Hay, de antes y de ahora, inquietudes reformadoras. Son legítimas y pueden ser provechosas. Algunas pudieran resultar aconsejables para enfilar el rumbo en la nueva hora. Pero existe el riesgo, muy grave, de que se desmonte la autonomía o se mediatice o se condicione en las líneas de la ley secundaria que pretendiera reglamentar las disposiciones constitucionales. Puesto en movimiento el proceso legislativo, que hasta ahora se ha contenido, difícilmente se podría acotar la reforma a ciertos puntos previstos y acordados. Pudieran surgir más entusiasmos y más tentaciones, que echen por la borda el patrimonio jurídico universitario, que ha sido, en este medio siglo, condición de vida universitaria, baluarte de la autonomía, resguardo de la libertad académica.
En varios foros —congresos, promociones individuales o colectivas, asambleas, revisiones críticas— ha surgido la propuesta de revisar o sustituir la ley Caso. He ahí un asunto delicado, como el que más, para la autonomía de la UNAM. Desde luego, no hay normas congeladas, ni instituciones perfectas. De ahí la posibilidad de la reforma jurídica, para que la suerte de las generaciones sucesivas, es decir, el torrente de la vida, no quede en manos de una sola generación legisladora. Sin embargo, la ilusión reformadora pudiera llevar a destinos inciertos, y hasta sombríos, sobre todo cuando todavía no existe madurez democrática, pacto nacional en puntos fundamentales, serenas coincidencias en torno al interés superior de la nación, que desborda, por supuesto, el inmediato y menudo interés de caudillos, facciones y partidos.
Hace tiempo, Gastón García Cantú planteó esta cuestión al rector Barros Sierra, quien repuso: “Creo que después de un poco más de 25 años, la Ley Orgánica sigue siendo un instrumento eficaz para la vida universitaria. Evidentemente es perfectible como toda ley; sin embargo, siempre que se piense en modificarla hay que recordar que esto no depende de la voluntad de los universitarios, que como toda ley, debe ser discutida y aprobada por las cámaras del Congreso; por consiguiente, hay siempre la duda de si cualquier iniciativa de reforma que mejorara este instrumento legal, no pudiera dar lugar a que prevalecieran puntos de vista distintos a los puramente universitarios. Entonces la ley resultará, en vez de mejorada, deteriorada en ese proceso de discusión y aprobación parlamentarios. Creo —concluyó— que puede mejorarse en algunos aspectos, pero si todavía sigue siendo un instrumento mayormente eficaz, creo que vale la pena no correr el riesgo”.

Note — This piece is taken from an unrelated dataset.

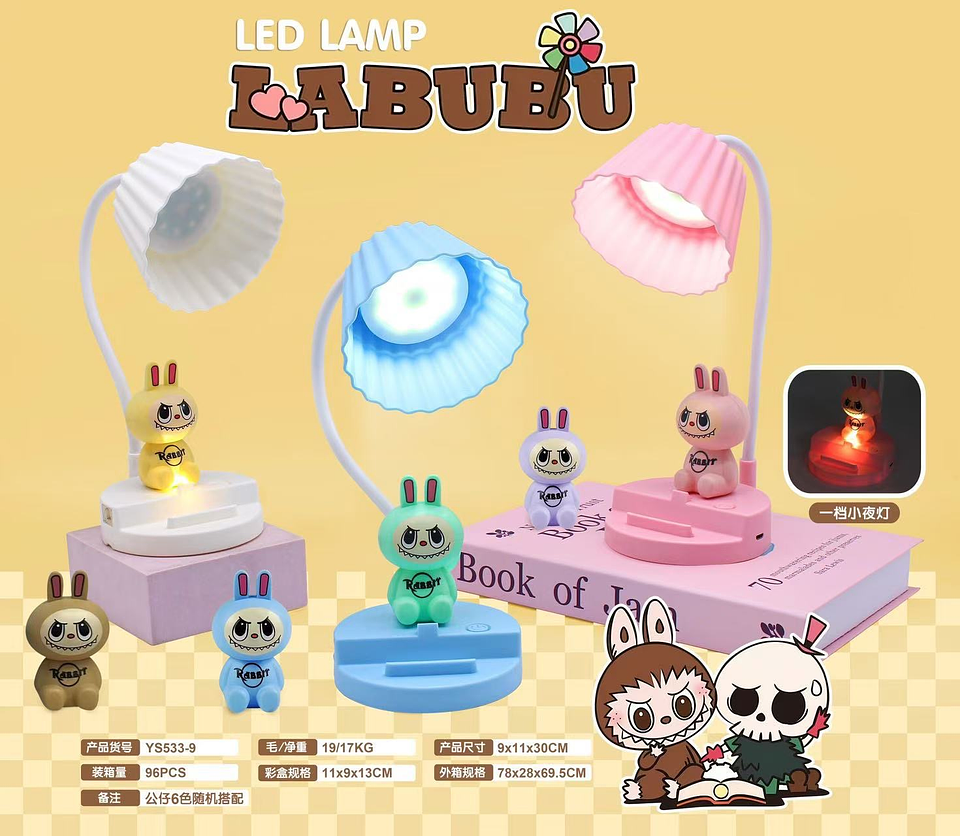 LÁMPARA SOPORTE DE TELÉFONO Y SACAPUNTAS LABUBU 1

¿Conservan actualidad estos temores y estas razones de Barros Sierra? No pocos observan que las olas parlamentarias pudieran no ser el mejor contexto para una reforma de la Ley Orgánica, salvo que concurran otros factores que permitan dar todos los pasos hacia adelante, y ninguno hacia atrás. Hay forma de procurarlo, aunque no es sencillo conseguirlo: siempre ha existido y persistirá el deseo de devorar la Universidad y ponerla al servicio de alguna causa parcial o facciosa que la conduciría por los caminos de la aventura y desvirtuaría su naturaleza.